Dibujos de Carlos Ribera para la edición de 1943.
Imagen principal - Dibujos de Carlos Ribera para la edición de 1943.
Imagen secundaria 1 - Dibujos de Carlos Ribera para la edición de 1943.
Imagen secundaria 2 - Dibujos de Carlos Ribera para la edición de 1943.

La Meca de la gastronomía que hoy es Donostia quedaba aún lejos. El menú cotidiano se componía invariablemente de una taza de caldo de carne con migas de pan, carne asada, carne cocida y postre. Pero, poco diestros en el punto de preparación, estropeaban lo mollar sirviéndolo seco en un caso y requetecocido en el otro. Eso sí, vino no faltaba por ser este, junto con el aceite y el hierro de las ferrerías, principal producto comercial. Solo cuando escribe sobre el morapio, el inglés parece 'venirse arriba'.

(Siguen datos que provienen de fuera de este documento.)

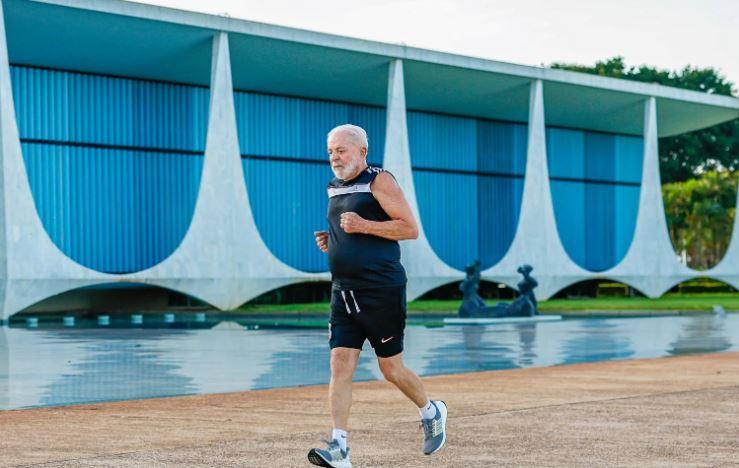 Hospital divulga exame de Lula, depois de acidente doméstico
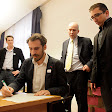 Leadtuk az aláírásokat az OVB-nak Leadtuk az aláírásokat az OVB-nak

Novios con derecho a 'cata y devolución'

Cerca de ochenta curas atendían espiritualmente a una población cercana a los seis mil habitantes, la mayoría tan ignorantes que ni sabían la lengua del culto, el latín. Escasa era su ganancia pero ello no les impedía vivir holgadamente con la generosidad de los vecinos que les abrían sus puertas y despensas. Tampoco echaban en falta los placeres de la carne. Y aquí se advierte la inquina del inglés contra los clérigos 'papistas' (como llamaban los anglicanos a los católicos), descritos como hipócritas disolutos que se aprovechaban de las inocentes feligresas animándoles a pecar juntos con la promesa de que el clérigo cargaría con todo el peso de la penitencia. Por ello, «casi todos tienen tres o cuatro hijos, pero no por eso son censurados».

La población femenina gozaba de absoluta libertad sexual, según el viajero: «El miedo que toda mujer tiene de perder su reputación o malograr su porvenir, aquí no existe; porque si un hombre tiene un hijo con una mujer, esta no pasa por prostituta; simplemente, el hombre se queda con el niño, y si la moza no tiene dinero le da una dote, ella se casa, y no por eso es mal mirada».

Y aún queda la traca final, suerte de sublimación del empoderamiento sexual femenino: «Otras ventajas tienen las mujeres en este país: después de concluidos todos los contratos y arreglos del matrimonio y fijada la fecha de la boda, la mujer tiene la libertad de invitar a su novio a que le pruebe que es un hombre, y si no queda satisfecha, se anula el contrato, siendo considerada tan doncella como antes». Es decir, que las mujeres tenían derecho a 'cata y devolución' de sus prometidos.

Todo esto malamente se compadece con lo que sabemos por investigaciones históricas de mayor solidez que demuestran el enorme control social que existía sobre las mujeres, cuya honra y decencia constituía un capital fundamental en todas las clases sociales.

Por tanto, considerémoslo como algo más bien anecdótico y chocarrero.